***** Information shown

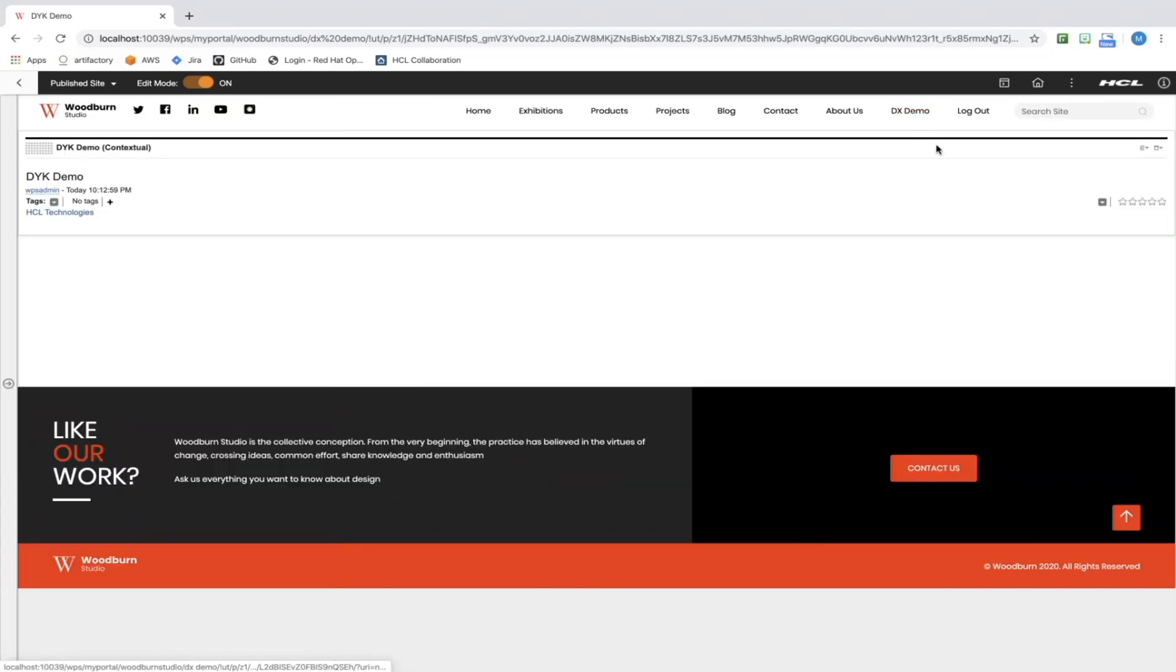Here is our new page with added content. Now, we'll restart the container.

**********
***** Information shown

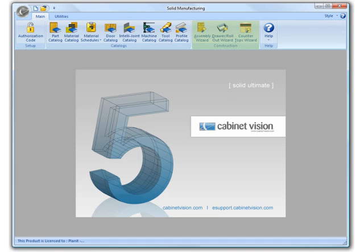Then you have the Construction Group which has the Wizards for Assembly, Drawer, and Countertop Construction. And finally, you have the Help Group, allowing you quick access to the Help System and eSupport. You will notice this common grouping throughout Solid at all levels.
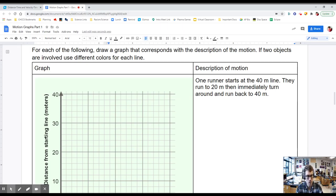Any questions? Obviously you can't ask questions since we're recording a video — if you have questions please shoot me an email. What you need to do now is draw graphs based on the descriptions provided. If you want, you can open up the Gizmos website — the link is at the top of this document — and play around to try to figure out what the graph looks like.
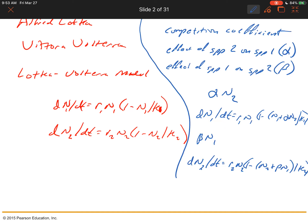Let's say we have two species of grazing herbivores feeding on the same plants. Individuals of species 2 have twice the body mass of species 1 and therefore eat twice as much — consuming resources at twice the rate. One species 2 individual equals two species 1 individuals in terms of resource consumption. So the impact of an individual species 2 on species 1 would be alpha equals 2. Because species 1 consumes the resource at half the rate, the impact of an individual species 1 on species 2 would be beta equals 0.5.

**********

Starting with the line that has "Any questions? Obviously" and ending with the line that has "Let's say we", repeat the lines above exactly, omitting every picture.

Any questions? Obviously you can't ask questions since we're recording a video — if you have questions please shoot me an email. What you need to do now is draw graphs based on the descriptions provided. If you want, you can open up the Gizmos website — the link is at the top of this document — and play around to try to figure out what the graph looks like.
Let's say we have two species of grazing herbivores feeding on the same plants. Individuals of species 2 have twice the body mass of species 1 and therefore eat twice as much — consuming resources at twice the rate. One species 2 individual equals two species 1 individuals in terms of resource consumption. So the impact of an individual species 2 on species 1 would be alpha equals 2. Because species 1 consumes the resource at half the rate, the impact of an individual species 1 on species 2 would be beta equals 0.5.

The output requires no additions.